Sikap keluarga kata Kamaruddin sangat wajar, mengingat sejak awal banyak kejanggalan dalam keterangan yang diberkan polisi.
Kamaruddin menuturkan pihak keluarga mengaku menolak dengan tegas jika disebutkan ada baku tembak yang terjadi di rumah Irjen Ferdy Sambo dan berujung tewasnya Brigadir J.
Menurut Kamaruddin, dari semua bukti yang dimiliki pihak keluarga, tewasnya Brigadir J sangat kuat mengarah ke penyiksaan.
“Kami selaku penasehat hukum pihak keluarga korban, menolak kalau disebut ada tembak menembak. Saya menolak dengan tegas kalau dikatakan ada baku tembak. Ini perlu digarisbawahi,” kata Kamaruddin di tayangan live kanal YouTube, Jumat (15/7/2022).
Alasan menolak, katanya, karena tidak ada bukti yang menunjukkan baku tembak di rumah Irjen Ferdy Sambo.
“Juga tidak ada CCTV. Jadi itu hanya keterangan dari Karo Penmas Polri saja,” ujarnya.
Menurutnya tidak boleh membuat dalil apalagi fitnah terhadap orang meningggal tanpa disertai bukti.
“Kami peringatkan juga kepada wartawan, kepada media, jika ada yang mencoba menyebut dan menyimpulkan baku tembak, akan kami perhitungkan untuk kami tuntut ke pengadilan. Karena sebentar lagi kami juga akan membuat laporan polisi,” katanya.
Kamaruddin juga menolak tegas jika disebutkan Brigadir J melecehkan istri Irjen Ferdy Sambo dengan masuk ke dalam kamarnya.
“Kalau ada yang berani mengatakan bahwa anak klien kami, masuk ke dalam kamar itu tanpa disertai bukti, kami juga akan memperhitungkan secara hukum, kami akan menuntut,” katanya.
Beberapa hari belakangan ini, kata Kamaruddin ada media sosial termasuk tik tok dan sebagainya yang membuat gambar seorang wanita, berpelukan dengan seorang pria berkulit putih.
“Tetapi narasinya dikait-kaitkan dengan anak klien kami.
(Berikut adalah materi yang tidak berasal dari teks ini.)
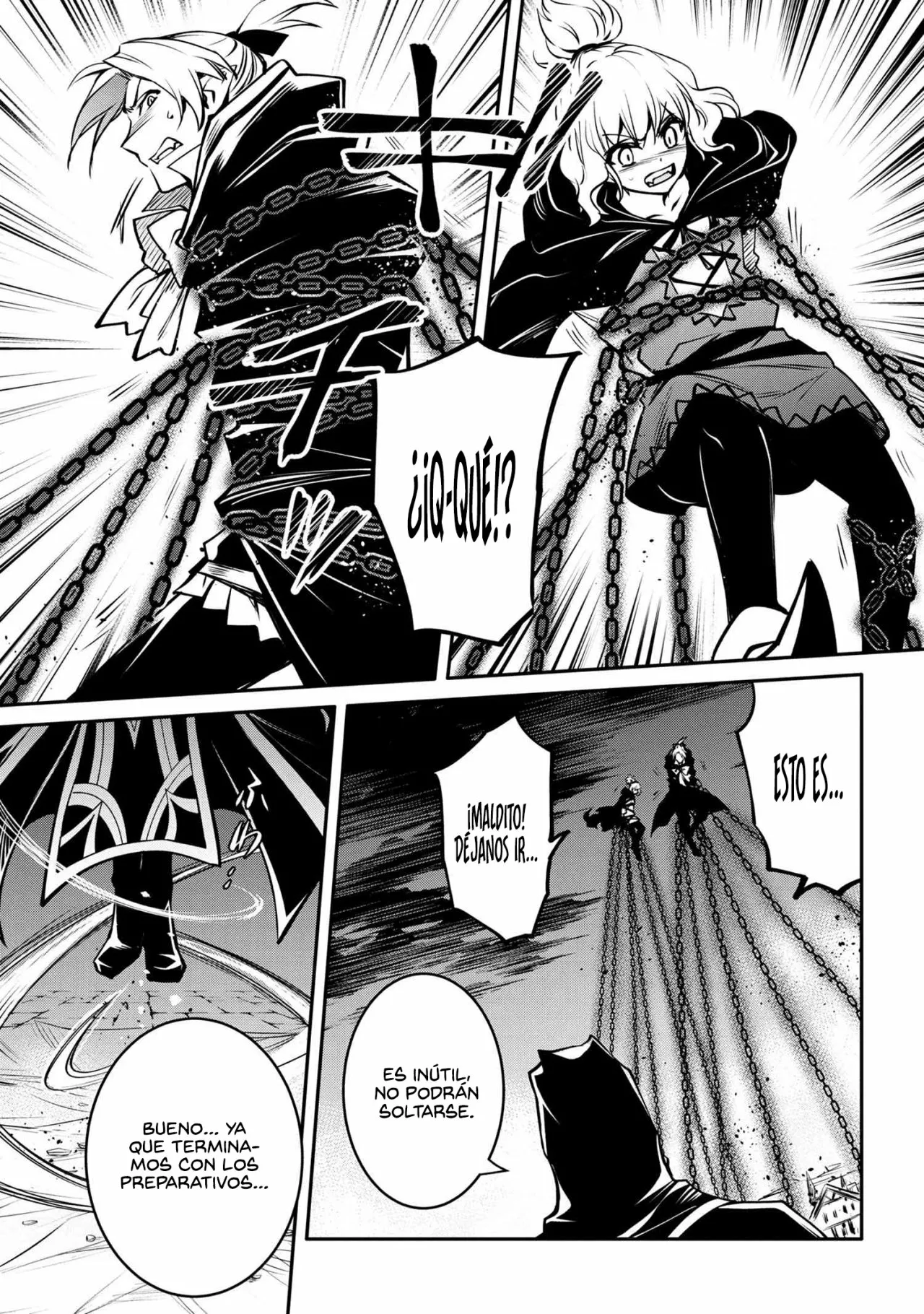 Saikyou Degarashi Ouji no Anyaku Teii Arasoi Capítulo 15.2 - Page 10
Padahal anak klien kami tidak berkulit putih tetapi hitam manis, tinggi dan besar. Bukan kulit putih yang bolak-balik diumbar di media itu,” ujarnya.
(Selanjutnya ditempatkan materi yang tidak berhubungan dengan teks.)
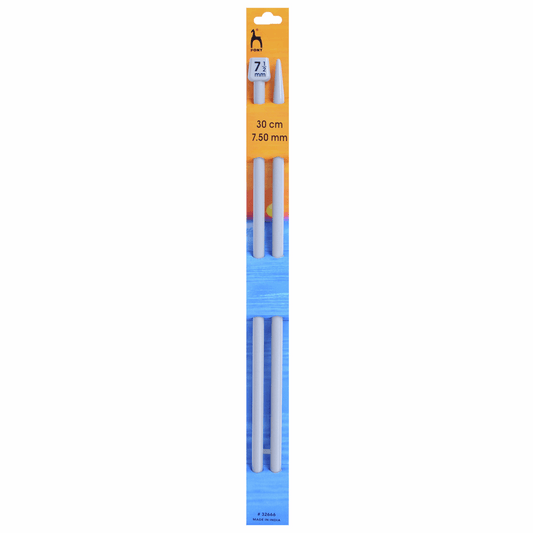 PONY Classic Single-Ended Knitting Pins - 30cm x 7.50mm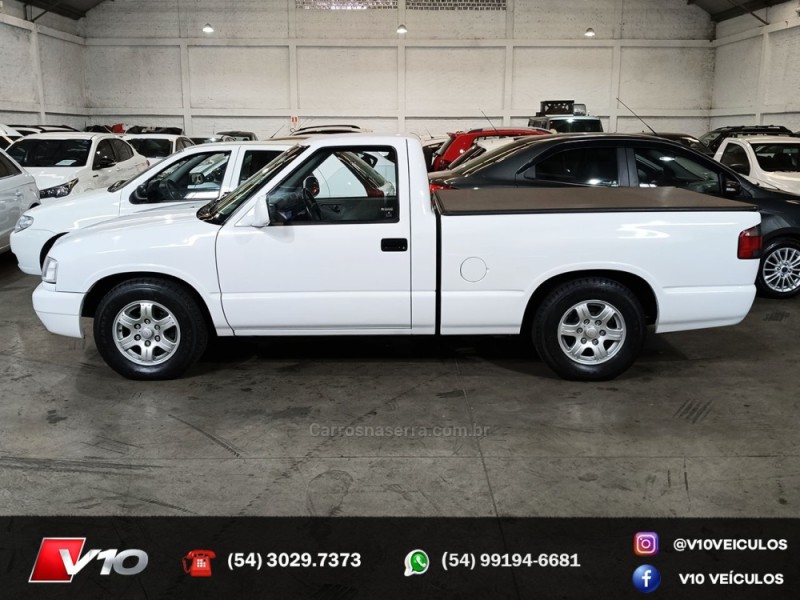 CHEVROLET - S10 - 1995/1996 - Branca - R$ 49.900,00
“Saya pastikan itu bukan anak klien kami. Jadi jangan dibuat narasi-narasi seolah-olah wanita itu, ada bersama-sama berpelukan dengan anak klien kami,” kata Kamaruddin.
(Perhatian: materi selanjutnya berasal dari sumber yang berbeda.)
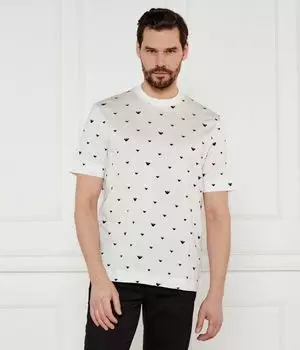 Футболки Regular fit Emporio Armani, белый
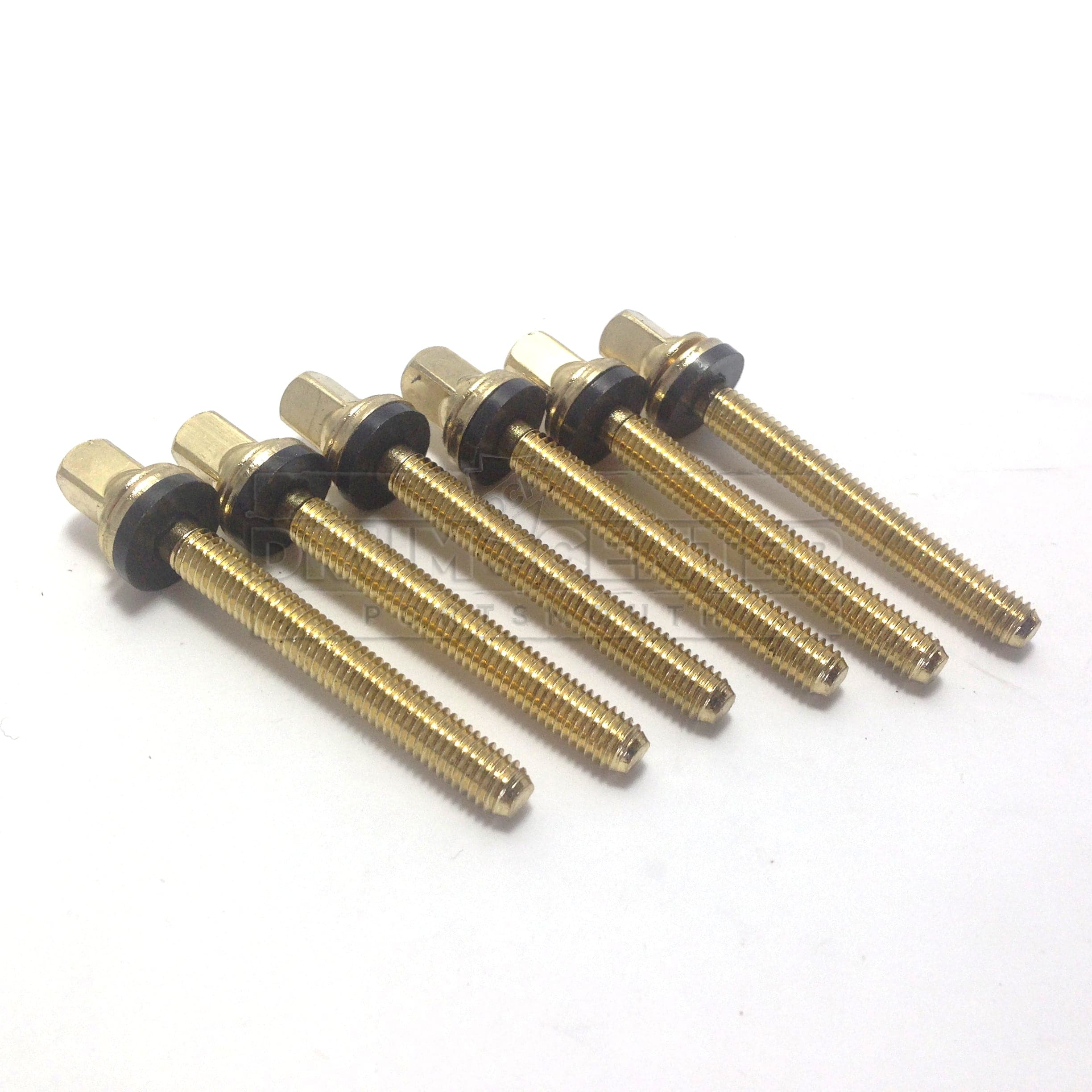 DW DRSP1022-165BR Tension Rod, Brass, 1-5/8", Standard True Pitch, 6pack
Menurut Kamaruddin ada sejumlah alasan pihak keluarga menolak jika dikatakan Brigadir J masuk ke kamar istri Irjen Ferdy Sambo melakukan pelecehan dan penodongan.
“Kami menolak kalau dikatakan brigadir J masuk ke dalam kamar majikannya atau komandannya. Sebab sepengetahuan keluarga dan sesuai penugasan, Brigadir J bukan sopir istri Kadiv Propam, tapi ajudan Kadiv Propam. Sehingga tidak ada kesempatan bagi seorang ajudan maupun sopir untuk bisa masuk ke dalam rumah seorang jenderalnya, kecuali diperintah untuk itu,” kata Kamaruddin.
Pertanyaannya, menurut Kamaruddin, siapa yang memerintah?
“Karena tempat ajudan dan sopir itu hanyalah di seputar pos, kemudian ke dapur kalau mau perlu minum. Tetapi ke ruang tamu rumah perwira atau komandannya atau Jenderalnya, tidak berani. Bahkan mereka itupun kerja 2 tiga tahun menjadi ajudan, melihat engsel pintu rumahnya itupun dia tidak pernah tahu,” katanya.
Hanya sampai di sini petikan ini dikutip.